■ **Aim of the exercise**: Find the line containing "Highways Road, Compton, Winchester, Hampshire, SO21 Highways". Retype it and every later line of the records exactly, leaving out pictures.

[[ Dataset records open ]]

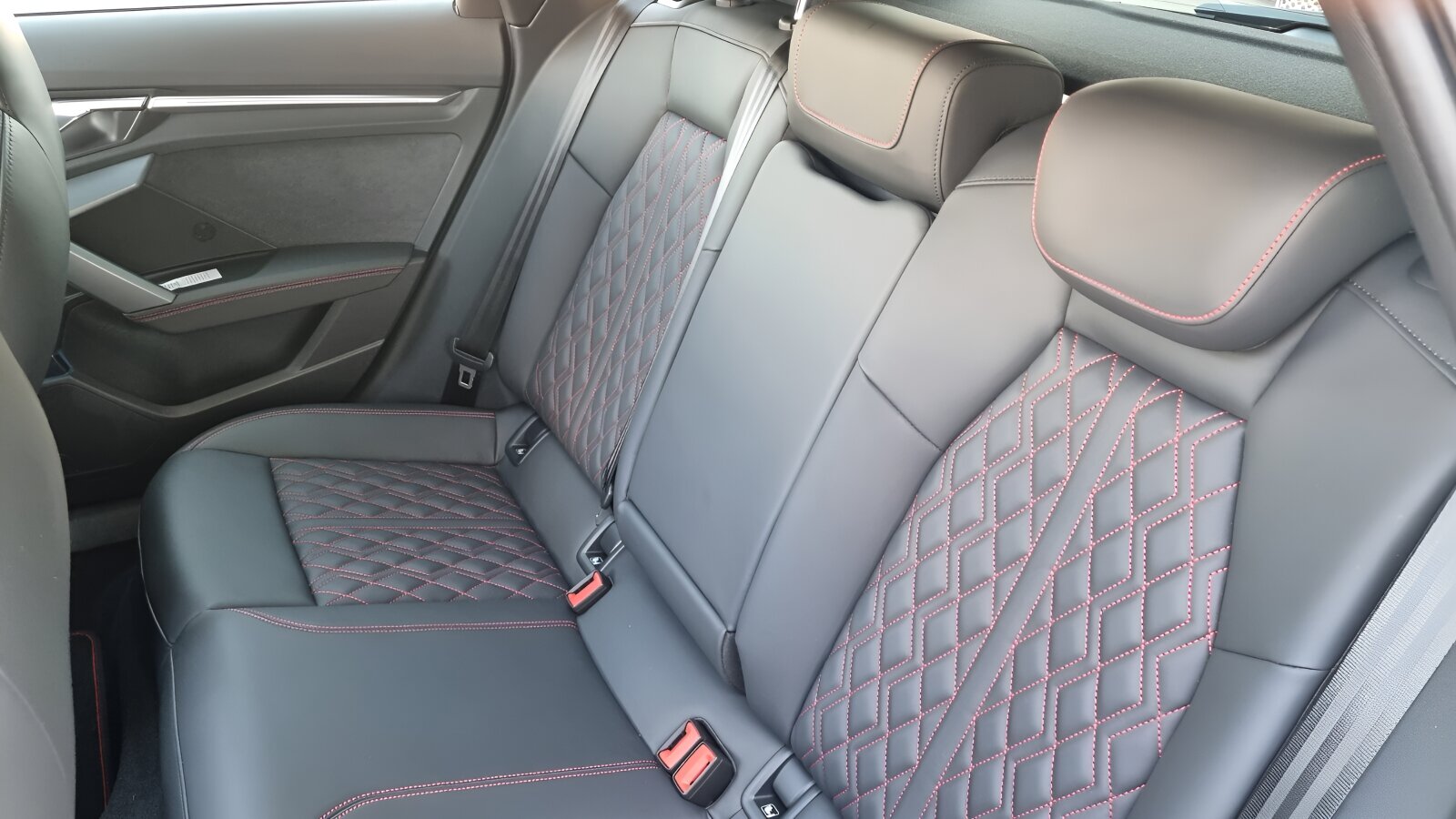 Audi S3 SPORTBACK TFSI QUATTRO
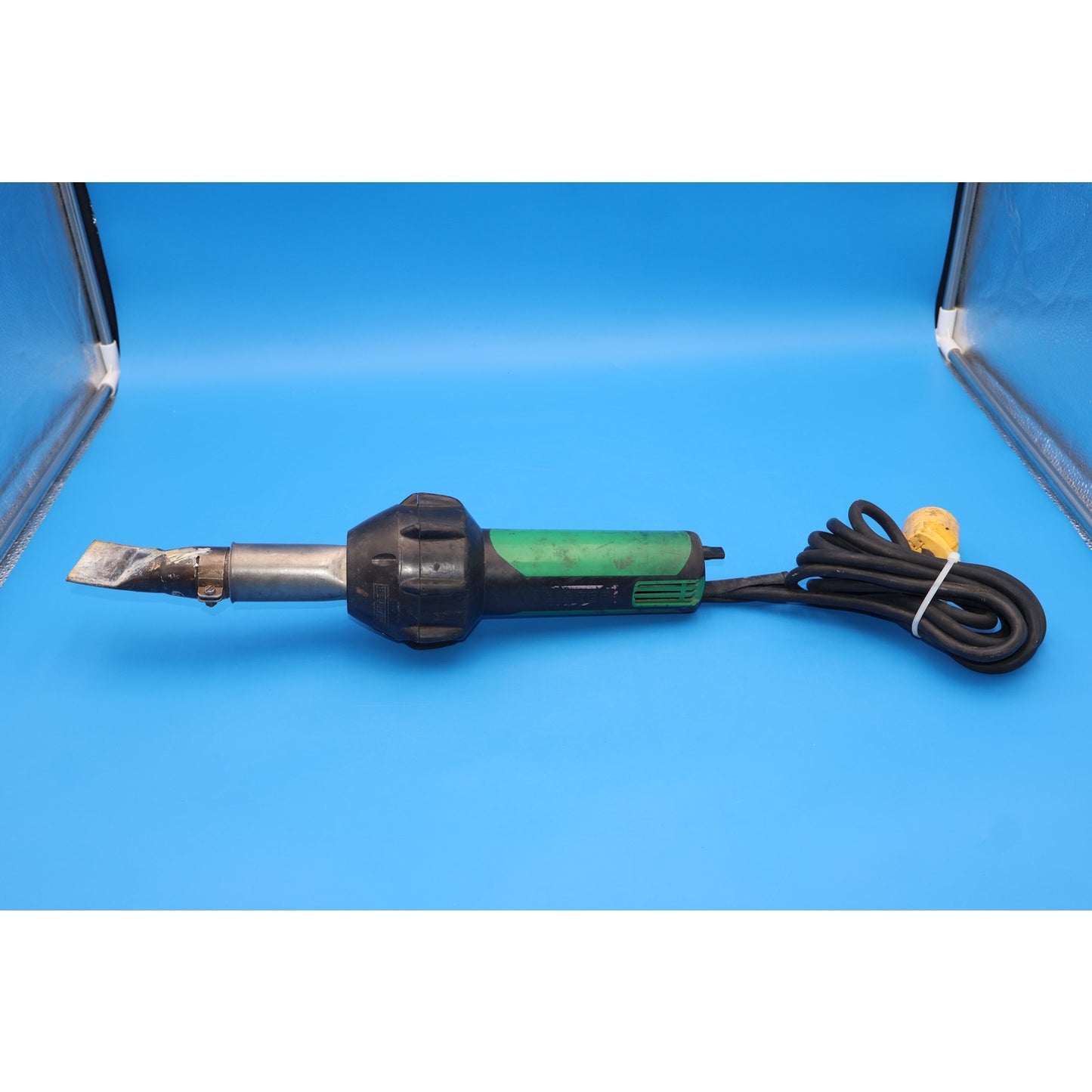 Leister Triac ST 141.228 Hot Air Tool Heat Gun 120V 1600W Plastic Welder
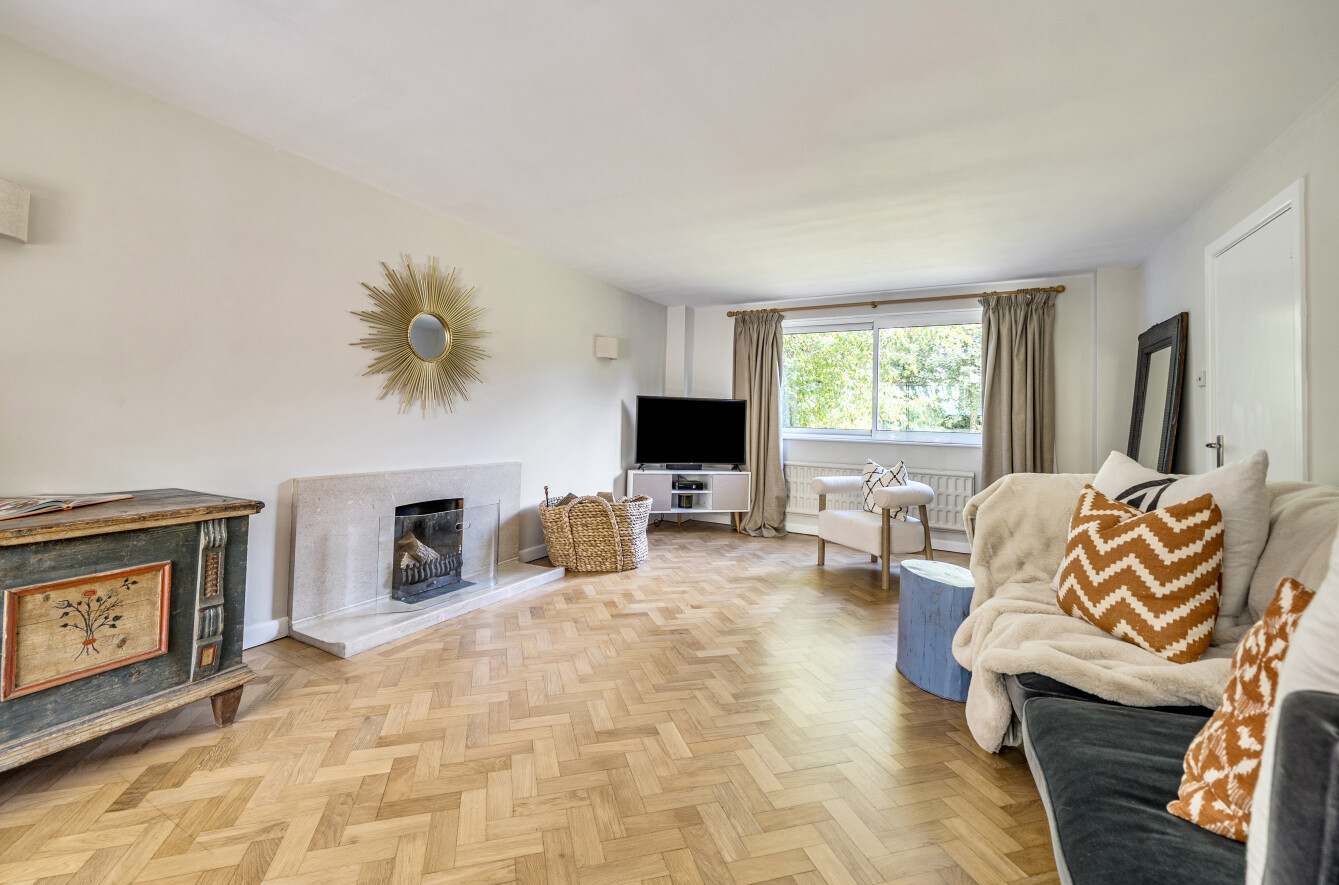 Highways Road, Compton, Winchester, Hampshire, SO21 Highways Road, Compton, Winchester, Hampshire, SO21 - Charters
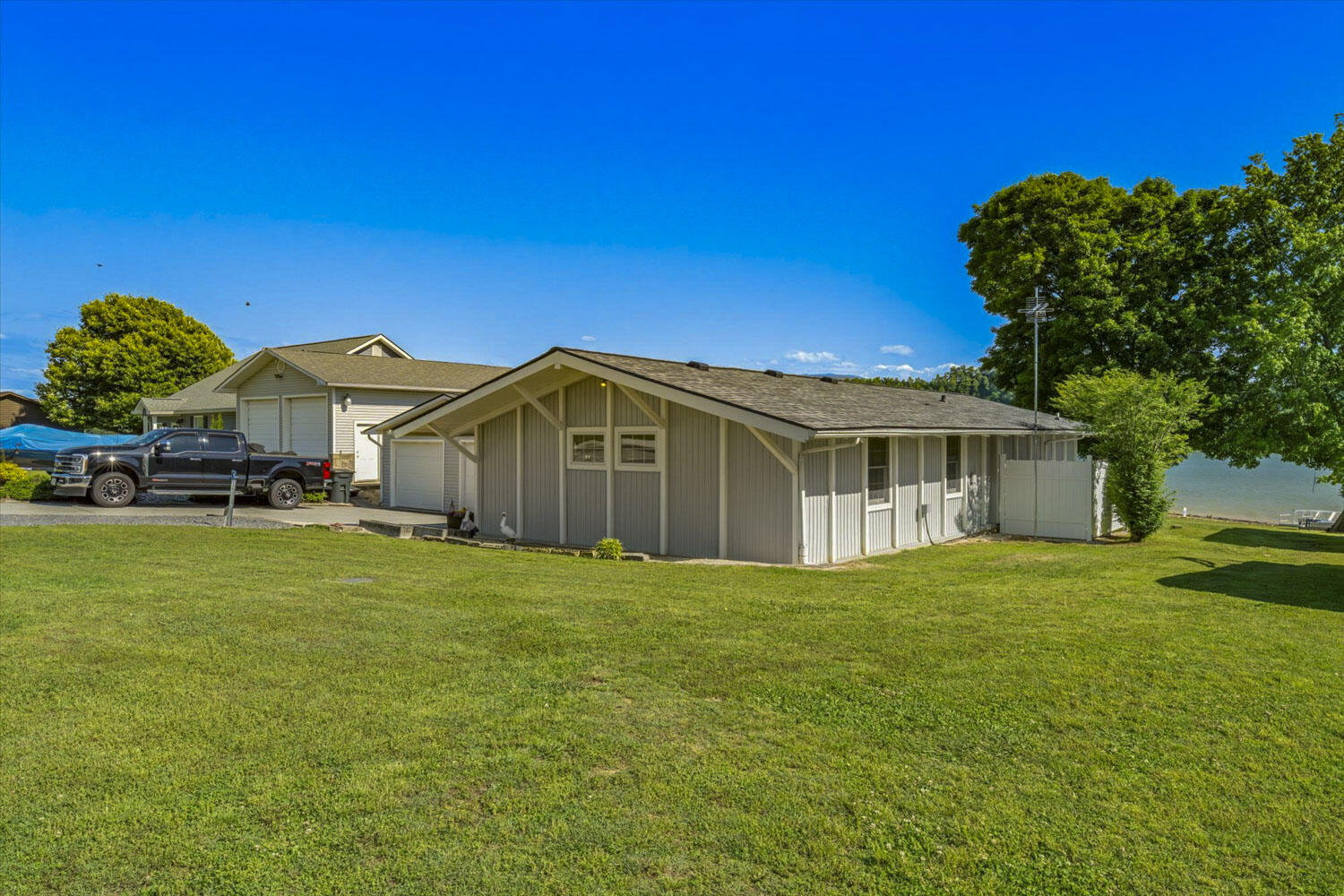 1648 Canal Lane, Dandridge, Tennessee image 37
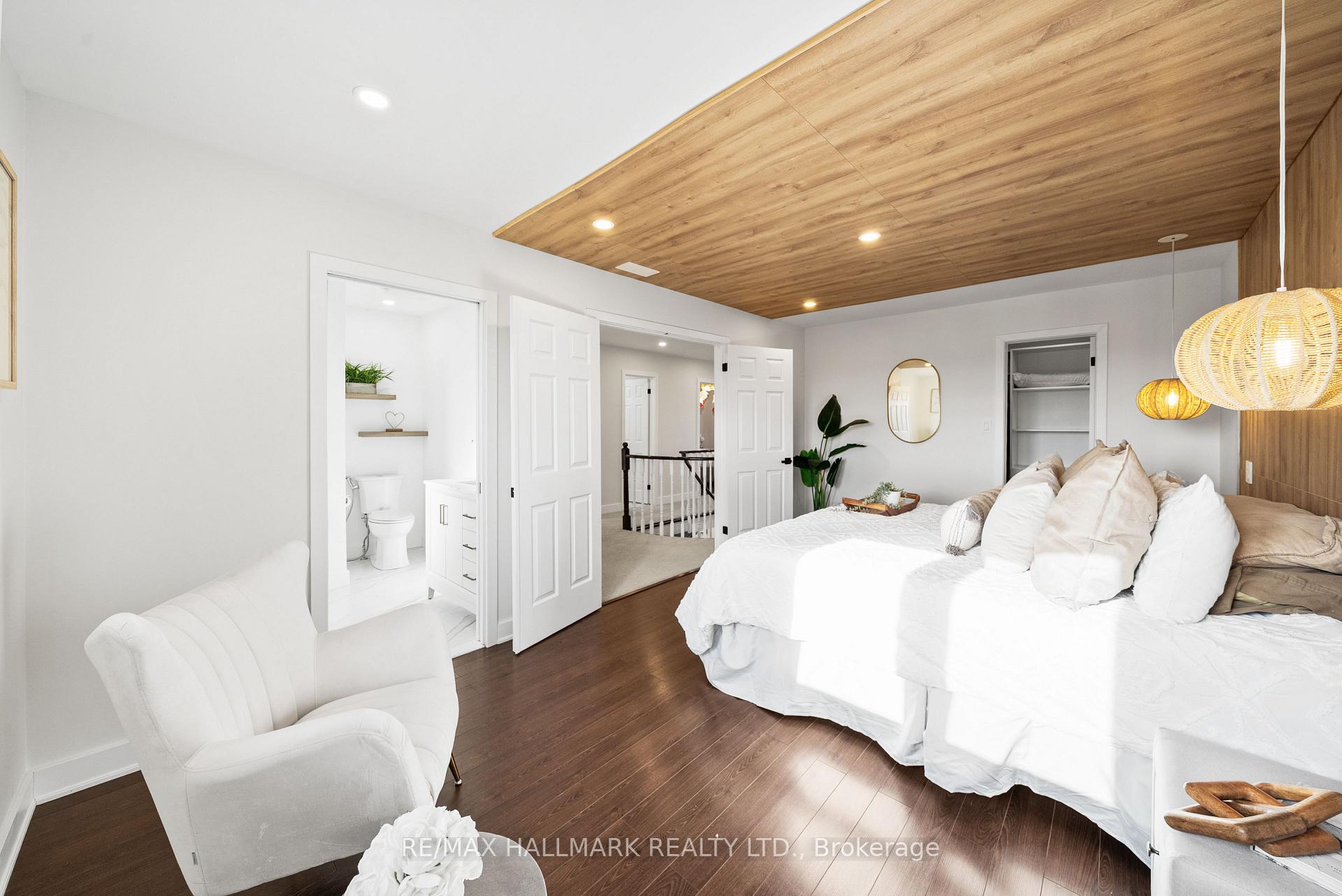 Photo 19 of 92 Marlott Road, Vaughan, Maple — HOMEH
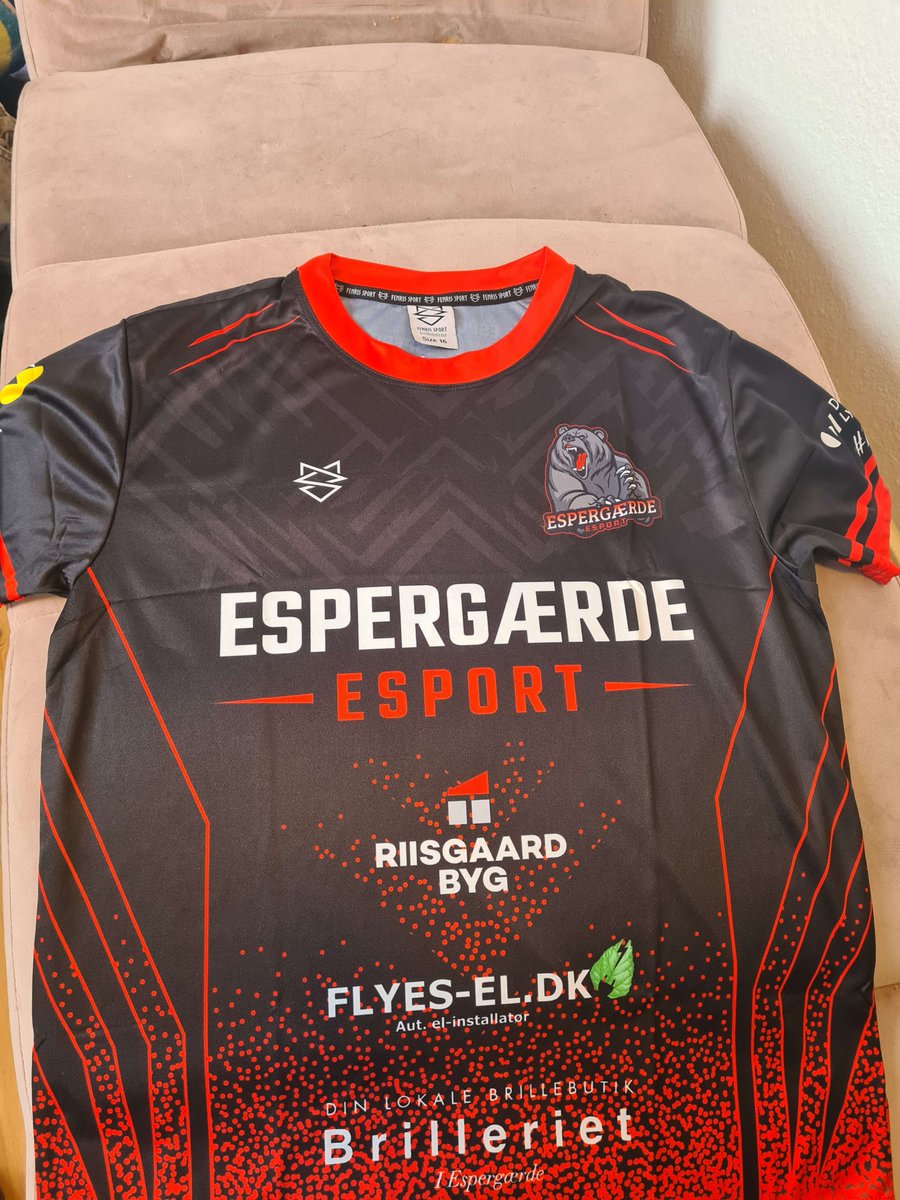 Kiwskifnbr's tweet photo. @ESP__eSport #ESPLaunch
https://t.co/aNqoyjkJj1 https://t.co/iE1mM4yGmD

[[ Dataset records closed ]]

■ **Response box**:
 Highways Road, Compton, Winchester, Hampshire, SO21 Highways Road, Compton, Winchester, Hampshire, SO21 - Charters
 1648 Canal Lane, Dandridge, Tennessee image 37
 Photo 19 of 92 Marlott Road, Vaughan, Maple — HOMEH
 Kiwskifnbr's tweet photo. @ESP__eSport #ESPLaunch
https://t.co/aNqoyjkJj1 https://t.co/iE1mM4yGmD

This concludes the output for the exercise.